Pero el Señor nos dice: “Para los hombres esto es imposible, pero para Dios todo es posible” (Mateo 19,26). Lo mismo se puede decir de la forma en que vivimos diariamente. Si no tuviéramos a Dios, la vida del cielo sería imposible en la tierra; pero con Dios, es muy diferente. Con Dios, todo es posible, incluso la vida en el cielo después de morir y también la vida en la tierra aquí y ahora como es en el cielo. Sí, efectivamente, con Dios es posible encontrar la hermosura y la magnificencia del cielo aquí en la tierra.

La perfección del amor. En uno de los capítulos más extraordinarios de la Escritura, San Pablo habla del amor (1 Corintios 13). Después de presentar una descripción conmovedora de lo que constituye el amor, plantea dos puntos importantes: En primer lugar, dice que cuando llegue la perfección, desaparecerán nuestras imperfecciones. En otras palabras, cuando Jesús regrese al mundo con su amor perfecto, nuestra manera imperfecta de amar se desvanecerá y en Él encontraremos nuestra perfección. En segundo lugar, el apóstol insta a los corintios a despojarse de sus niñerías y de sus prácticas inmaduras (13,10-12). Estos dos puntos nos ayudan a entender más claramente que existe la posibilidad de que la alegría del cielo llegue a nuestros hogares ahora mismo.

Jesús es perfecto y, gracias al bautismo sacramental, nosotros hemos sido resucitados con Él. Él es quien nos ha dado la posibilidad de ser “perfectos, como su Padre que está en el cielo es perfecto” (Mateo 5,48). Esto pareciera imposible, pero mientras más y mejor experimentemos su gracia que nos sana y nos refuerza, más alentados nos sentimos y más factible se nos hace la posibilidad.

En este capítulo dedicado al amor, San Pablo dice claramente que somos capaces de amarnos perfectamente los unos a los otros, si dejamos que Aquel que ama perfectamente nos enseñe a amar. En esencia, nuestra forma imperfecta de amar puede disminuir a medida que experimentemos el amor que nos demuestra Jesús.
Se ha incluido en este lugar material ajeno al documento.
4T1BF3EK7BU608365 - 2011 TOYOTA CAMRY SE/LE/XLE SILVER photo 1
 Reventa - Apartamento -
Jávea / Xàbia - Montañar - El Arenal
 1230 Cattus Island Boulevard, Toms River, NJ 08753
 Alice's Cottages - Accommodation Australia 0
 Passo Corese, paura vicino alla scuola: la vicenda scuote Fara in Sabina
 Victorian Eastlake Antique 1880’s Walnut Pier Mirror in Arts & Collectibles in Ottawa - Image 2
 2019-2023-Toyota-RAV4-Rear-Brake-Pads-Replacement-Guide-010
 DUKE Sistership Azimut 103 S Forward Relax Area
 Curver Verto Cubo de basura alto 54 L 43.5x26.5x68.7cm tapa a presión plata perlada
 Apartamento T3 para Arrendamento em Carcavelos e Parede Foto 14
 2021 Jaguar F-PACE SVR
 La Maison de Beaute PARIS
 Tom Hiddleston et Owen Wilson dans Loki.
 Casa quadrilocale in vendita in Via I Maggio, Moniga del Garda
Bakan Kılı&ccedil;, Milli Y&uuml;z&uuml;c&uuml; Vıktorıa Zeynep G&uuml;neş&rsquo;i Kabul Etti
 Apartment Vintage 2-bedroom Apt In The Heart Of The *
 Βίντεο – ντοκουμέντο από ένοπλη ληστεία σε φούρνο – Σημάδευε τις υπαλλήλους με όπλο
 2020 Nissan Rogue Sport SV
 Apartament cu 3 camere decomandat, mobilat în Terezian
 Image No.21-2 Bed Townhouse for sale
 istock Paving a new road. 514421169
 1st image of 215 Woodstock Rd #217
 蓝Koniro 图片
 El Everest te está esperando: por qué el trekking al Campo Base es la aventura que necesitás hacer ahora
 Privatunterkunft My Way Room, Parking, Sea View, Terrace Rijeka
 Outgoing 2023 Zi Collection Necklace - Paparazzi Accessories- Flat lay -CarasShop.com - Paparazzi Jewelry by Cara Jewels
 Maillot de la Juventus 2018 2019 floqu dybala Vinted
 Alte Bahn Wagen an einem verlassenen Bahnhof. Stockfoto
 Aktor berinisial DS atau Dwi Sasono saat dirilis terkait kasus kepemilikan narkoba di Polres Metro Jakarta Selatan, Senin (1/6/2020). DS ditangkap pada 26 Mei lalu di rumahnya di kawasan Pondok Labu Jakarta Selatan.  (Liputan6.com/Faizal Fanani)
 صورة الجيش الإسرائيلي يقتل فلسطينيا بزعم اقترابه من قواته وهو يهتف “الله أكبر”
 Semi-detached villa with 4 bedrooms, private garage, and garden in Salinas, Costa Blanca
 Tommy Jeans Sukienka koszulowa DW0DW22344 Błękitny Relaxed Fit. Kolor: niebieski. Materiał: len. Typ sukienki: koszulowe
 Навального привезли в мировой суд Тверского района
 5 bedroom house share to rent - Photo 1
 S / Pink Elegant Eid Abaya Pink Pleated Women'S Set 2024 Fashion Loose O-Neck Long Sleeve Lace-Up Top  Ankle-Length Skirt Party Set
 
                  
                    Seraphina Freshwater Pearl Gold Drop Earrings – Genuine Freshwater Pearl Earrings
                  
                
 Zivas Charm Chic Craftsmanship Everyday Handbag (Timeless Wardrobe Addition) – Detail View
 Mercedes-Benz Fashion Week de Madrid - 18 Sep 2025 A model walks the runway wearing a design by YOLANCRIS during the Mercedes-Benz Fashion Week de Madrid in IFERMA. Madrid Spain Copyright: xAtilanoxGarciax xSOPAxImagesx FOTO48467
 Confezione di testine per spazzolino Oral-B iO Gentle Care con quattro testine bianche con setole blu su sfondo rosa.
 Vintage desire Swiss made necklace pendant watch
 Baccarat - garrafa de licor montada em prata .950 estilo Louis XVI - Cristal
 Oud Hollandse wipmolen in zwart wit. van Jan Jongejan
E incluso cuando no llegamos a amar perfectamente, siempre podemos levantarnos, recuperarnos, arrepentirnos y tratar de cooperar con Jesús un poco más.

En el cielo, las actitudes infantiles de mal genio, engreimiento e irresponsabilidad son cosa del pasado, porque toda forma inmadura de amor infantil ha desaparecido. Pero aquí en la tierra, el Espíritu Santo quiere ayudarnos a crecer para que gradualmente nos despojemos de todas las actitudes de inmadurez y pecado. Tal vez nunca lleguemos a lograr un amor verdaderamente perfecto aquí, pero cada día y cada año podemos avanzar un poco más hacia esa perfección.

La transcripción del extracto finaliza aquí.